BEGIN PROVIDED RECORDS

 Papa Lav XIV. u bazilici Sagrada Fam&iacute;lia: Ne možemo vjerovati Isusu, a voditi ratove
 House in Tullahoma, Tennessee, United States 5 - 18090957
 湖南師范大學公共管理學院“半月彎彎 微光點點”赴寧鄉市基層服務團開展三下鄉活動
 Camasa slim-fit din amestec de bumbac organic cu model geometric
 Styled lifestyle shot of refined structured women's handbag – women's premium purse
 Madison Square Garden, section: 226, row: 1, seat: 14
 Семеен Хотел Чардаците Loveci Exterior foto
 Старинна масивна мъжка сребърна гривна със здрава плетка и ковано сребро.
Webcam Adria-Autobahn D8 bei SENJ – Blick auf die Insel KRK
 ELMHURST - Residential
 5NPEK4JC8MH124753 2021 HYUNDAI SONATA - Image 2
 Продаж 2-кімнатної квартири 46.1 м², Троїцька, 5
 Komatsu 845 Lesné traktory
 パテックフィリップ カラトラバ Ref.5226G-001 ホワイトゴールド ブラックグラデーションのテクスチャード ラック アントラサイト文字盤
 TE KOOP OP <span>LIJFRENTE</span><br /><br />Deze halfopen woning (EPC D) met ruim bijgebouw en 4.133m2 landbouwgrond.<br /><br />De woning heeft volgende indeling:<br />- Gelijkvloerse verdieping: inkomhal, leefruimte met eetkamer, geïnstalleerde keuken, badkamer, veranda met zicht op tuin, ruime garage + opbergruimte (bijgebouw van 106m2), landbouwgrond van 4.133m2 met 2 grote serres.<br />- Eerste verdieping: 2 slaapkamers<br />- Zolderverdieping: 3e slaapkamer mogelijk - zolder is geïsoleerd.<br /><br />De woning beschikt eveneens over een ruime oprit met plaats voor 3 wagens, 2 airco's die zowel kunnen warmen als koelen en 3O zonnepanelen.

END PROVIDED RECORDS

WORK ORDER: Would you write the records out again, word for word?

ANSWER TO THIS EXERCISE:
 Papa Lav XIV. u bazilici Sagrada Fam&iacute;lia: Ne možemo vjerovati Isusu, a voditi ratove
 House in Tullahoma, Tennessee, United States 5 - 18090957
 湖南師范大學公共管理學院“半月彎彎 微光點點”赴寧鄉市基層服務團開展三下鄉活動
 Camasa slim-fit din amestec de bumbac organic cu model geometric
 Styled lifestyle shot of refined structured women's handbag – women's premium purse
 Madison Square Garden, section: 226, row: 1, seat: 14
 Семеен Хотел Чардаците Loveci Exterior foto
 Старинна масивна мъжка сребърна гривна със здрава плетка и ковано сребро.
Webcam Adria-Autobahn D8 bei SENJ – Blick auf die Insel KRK
 ELMHURST - Residential
 5NPEK4JC8MH124753 2021 HYUNDAI SONATA - Image 2
 Продаж 2-кімнатної квартири 46.1 м², Троїцька, 5
 Komatsu 845 Lesné traktory
 パテックフィリップ カラトラバ Ref.5226G-001 ホワイトゴールド ブラックグラデーションのテクスチャード ラック アントラサイト文字盤
 TE KOOP OP <span>LIJFRENTE</span><br /><br />Deze halfopen woning (EPC D) met ruim bijgebouw en 4.133m2 landbouwgrond.<br /><br />De woning heeft volgende indeling:<br />- Gelijkvloerse verdieping: inkomhal, leefruimte met eetkamer, geïnstalleerde keuken, badkamer, veranda met zicht op tuin, ruime garage + opbergruimte (bijgebouw van 106m2), landbouwgrond van 4.133m2 met 2 grote serres.<br />- Eerste verdieping: 2 slaapkamers<br />- Zolderverdieping: 3e slaapkamer mogelijk - zolder is geïsoleerd.<br /><br />De woning beschikt eveneens over een ruime oprit met plaats voor 3 wagens, 2 airco's die zowel kunnen warmen als koelen en 3O zonnepanelen.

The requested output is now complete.